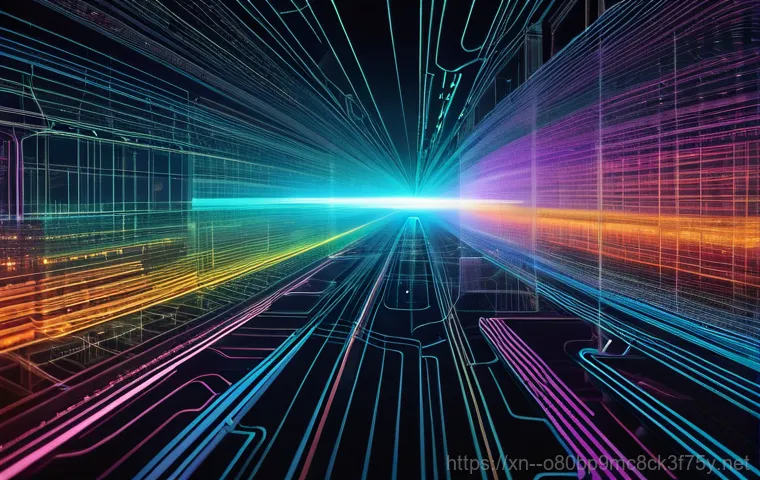 북한동 STATUS_PRIVILEGED_INSTRUCTION - **Prompt:** An intricate, futuristic artwork showcasing a collection of glowing, translucent data cu...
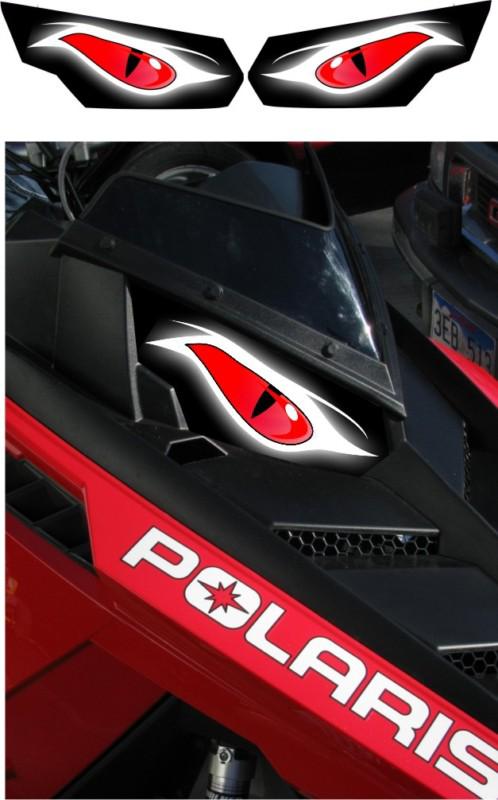Polaris rush pro rmk 600 700 800 indy assault 155 163 headlight  decal sticker 4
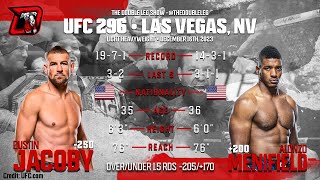 Dustin Jacoby vs Alonzo Menifield UFC 296 Fight Breakdown [upl. by Aneen814]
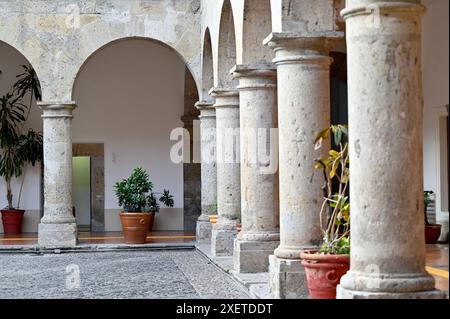 GUADALAJARA, JALISCO, MESSICO: Il cortile all'interno del Congreso del Estado de Jalisco (Congresso dello Stato di Jalisco). Foto Stock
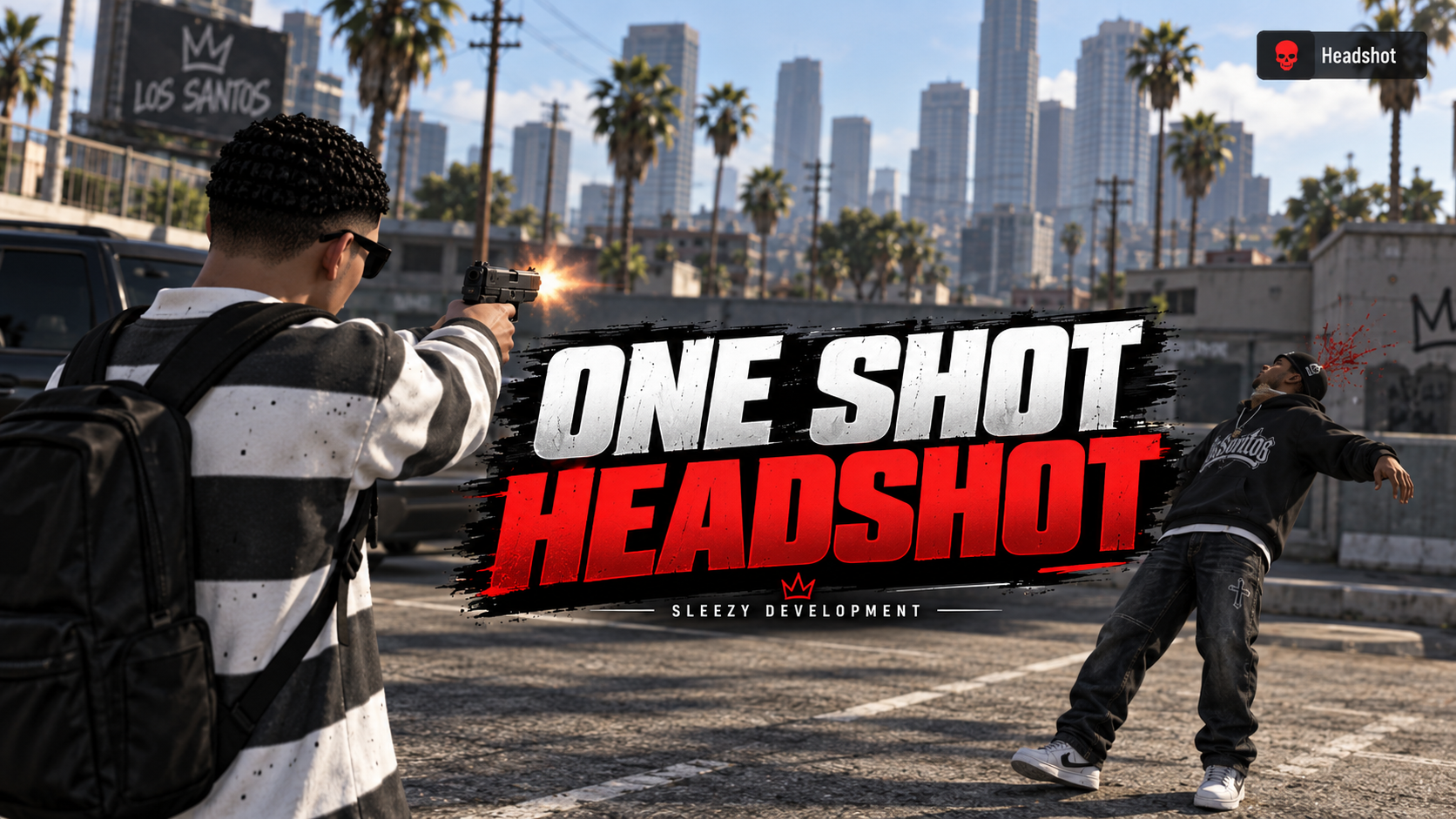 Sleezy Development • Advanced One Shot Headshot System (ESX, QBCore, Qbox, & Standalone)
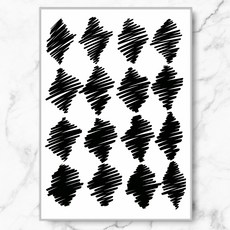 RYMD 千鳥格紋金屬相框 黑色, 銀色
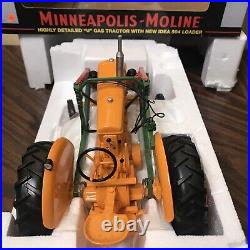 2009 SpecCast Minneapolis Moline U Gas Tractor With New Idea 504 Loader 1/16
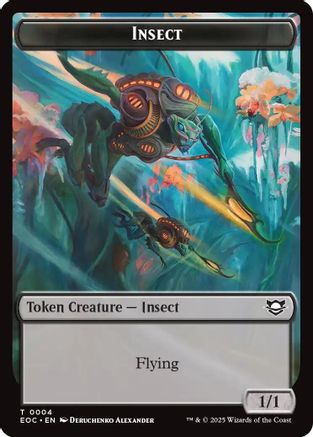 Insect // Golem (0013) Double-Sided Token [Edge of Eternities Commander Tokens]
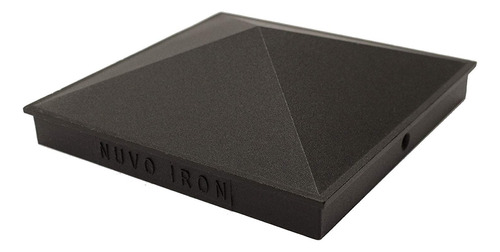 Nuvo Iron Pcp3 X 5 1 2  Tapa Piramide Para Poste Color Negro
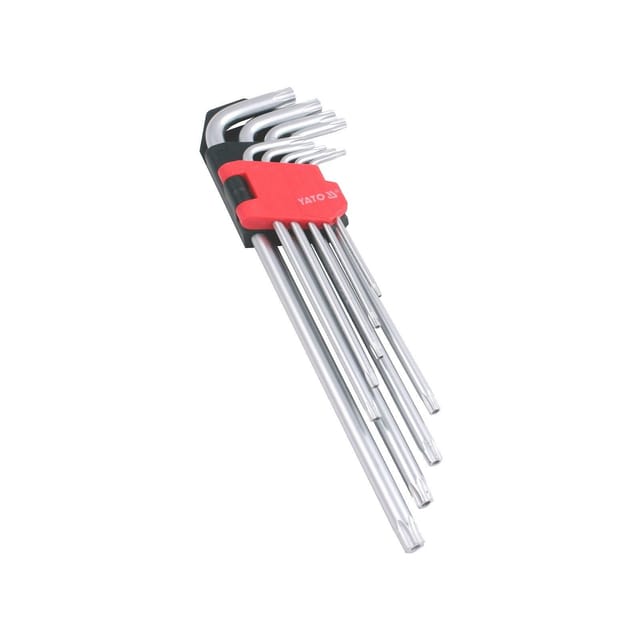 Torx-Inbusschlüssel, lang, t10-t50, 9-tlg. YT-0512 Yato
========================================================================
Activity - All of the data gets printed again exactly; the pictures do not.

Task result -
 북한동 STATUS_PRIVILEGED_INSTRUCTION - **Prompt:** An intricate, futuristic artwork showcasing a collection of glowing, translucent data cu...
Polaris rush pro rmk 600 700 800 indy assault 155 163 headlight  decal sticker 4
 Dustin Jacoby vs Alonzo Menifield UFC 296 Fight Breakdown [upl. by Aneen814]
 GUADALAJARA, JALISCO, MESSICO: Il cortile all'interno del Congreso del Estado de Jalisco (Congresso dello Stato di Jalisco). Foto Stock
 Sleezy Development • Advanced One Shot Headshot System (ESX, QBCore, Qbox, & Standalone)
 RYMD 千鳥格紋金屬相框 黑色, 銀色
 2009 SpecCast Minneapolis Moline U Gas Tractor With New Idea 504 Loader 1/16
 Insect // Golem (0013) Double-Sided Token [Edge of Eternities Commander Tokens]
 Nuvo Iron Pcp3 X 5 1 2  Tapa Piramide Para Poste Color Negro
 Torx-Inbusschlüssel, lang, t10-t50, 9-tlg. YT-0512 Yato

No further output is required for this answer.